However literal or symbolical the inversion on display, such as it occurs respectively on 'Upside Down House' (2001) and on 'Resuscitation' (2003), or integrating both aspects, such as on the 'Raw Earth Project' (2005/2007), Erek's works imply the deployment of one's own body, in order to perceive and, through that experience, acknowledge the piece and directly access its core. To perceive scale, distance, depth, different qualities of space, and also temperature, the passage of time, energy, the channelling power of a particular position on the universe.

The Newspaper House is set within the background of references that previously originated these works, related with the uniqueness of a dwelling, its virtuality of linkage, and thus a nostalgia of belonging, of unification with the whole. As a recurrent icon on Erek's artwork, the house imparts that numinous binding function. It signifies the drive to retrieve a relinquished condition of integrity, as well as the archetype which this stands for: the return to the situation before the 'primordial fall', before the partition of consciousness that occurred with the acquisition of language, and the erasure of an embodied knowledge that placed man within the cosmological processes.

'Upside Down House' is a completely set, detailed and literally upside down house: as you enter the space a video system captures your image and an upside down TV set on the living room shows you on the space in real time, thus on an upside down image. The inability to immediately understand one's own image shown upside down conveys in an experimental way the trouble to build up a coherent self image matching with the space around.

Erek's biography is marked by the early event of expatriation within the territory of Cyprus, divided as a result of the 70's Greek/Turkish dispute. From this founding experience would emanate Erek's main interrogations and deepest insights: ontology and ethics, identity and belonging, the body as an ultimate area of belonging, the creative sensitive vehicle that enacts meaning and through which the latter may be shared. Fulfilling such intuitions, the artwork is envisaged as the syncretic ground that enables the accomplishment of meaningful processes of life and of living experience.

Dwellings
'Resuscitation' is a symbolical enactment of the sense of belonging, and a universal representation of 'dwelling'. It clarifies the dynamics of imagination by which one's own standing point is an ultimate area of belonging.

At the centre of a circle of wood on fire, a tall vertical column made of twenty burned logs of lemon-tree; each log is jointed to the next by a transparent plastic pillow with one lemon inside; drops of water fall from above, and water flows through the wrinkles of the logs, making up a circular mirror of water contained by the barrier of fire.

The morphological clarity of the piece brings to mind the archetypical image of the Central Pillar, or the Tree of the World, that the shaman uses to direct the shamanic trance down to the underworld or up to heaven, his travel marked by the successive stages that divide the pole.
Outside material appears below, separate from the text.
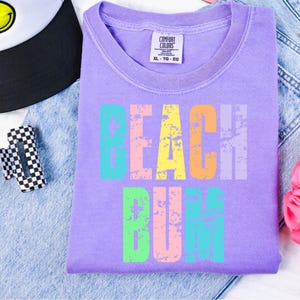 May include: A purple t-shirt with the words "Beach Bum" in rainbow colors. The shirt has a distressed look and is made by Comfort Colors.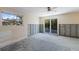 Bedroom with a ceiling fan, and sliding glass doors leading to the yard at 640 Fox St, Longboat Key, FL 34228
This representation of transcendency belongs to a pattern of images of 'the centre of the world', a complex of meanings that resumes men's desire of placing himself naturally and permanently in a sacred place, at the core of reality and, through a short cut, of transcending human condition. In this, the idea of dwelling is attached to the notion of a site for the change of the mode of being, for a qualified dynamics of consciousness, for the retrieval of an embodied knowledge.

With the circle of wood on fire, the iconography of 'Resuscitation' bears the idea of enclosure, the most ancient form of distinguishing a place or the partition between two areas of a different kind, which has the function of outlining a "supremely 'creational' place, because the source of all reality and consequently of energy and life is to be found there" (Mircea Eliade, Patterns in Comparative Religion, p. 370, 382-383). The presence of opposing natural elements, water and fire, in a dynamic, simultaneous process, reveals the archetypical image of the 'conjunction of opposites', while the presence of at least three different kinds of water (the rain, the running water and the pool) opens to a complex of meanings regarding the sense of fertility and creation, rebirth and cleansing.
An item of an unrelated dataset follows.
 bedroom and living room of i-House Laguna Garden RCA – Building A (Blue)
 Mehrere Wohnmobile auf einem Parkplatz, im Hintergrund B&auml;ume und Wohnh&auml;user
The 'Raw Earth Project' addresses both in literal and symbolical ways the idea of dwelling, its main icon a house. In a derelict country house in Cyprus, Erek installed a bathing pool, crossed by a wooden bridge. The iconographic complexity of the project, still in progress, includes a series of museological procedures, such as the labelling and recording of the material that resulted from the participation of the public. Invited to stand at the centre of the house, over the pool, using it as a 'centre of the world', the participant was given a small bag of clay to hold in the hand while engaged on the experience of being a conductor of telluric energy, sensing the body/mind/environment continuum.

The ideas of cleansing and rebirth, and of a site conceived for the change of the mode of being, which Erek recurrently tried out in previous pieces, gain with the 'Raw Earth Project' their full archaic meaning and potency, while the introduction of museological procedures states the autonomy of a dwelling-like artwork vis--vis the art establishment.

A threshold at Wilson Road
Sumer Erek adapted one of the entrance walls of his Newspaper House for the Wilson Road building, dividing with it a section of the ground floor. Presented in this way, the fragment of the house assumes a new iconographic sense. Brought to the inside of a building, and released of the commitment of participatory engagement, Erek's Newspaper House work shifts into the intimate dimension of the great cosmological images. Its quality as a site object, now prefiguring a portal, an entrance, resonates with images of passage and of commencement, thus of individual trial within a collective culture. Similarly, with the change of setting and of scale, the plastic details, the material and technological solutions, the artistic skill, and the empathy with the relentlessness of the labour are enhanced, and bring to the fore a previously withdrawn element of subjectivity.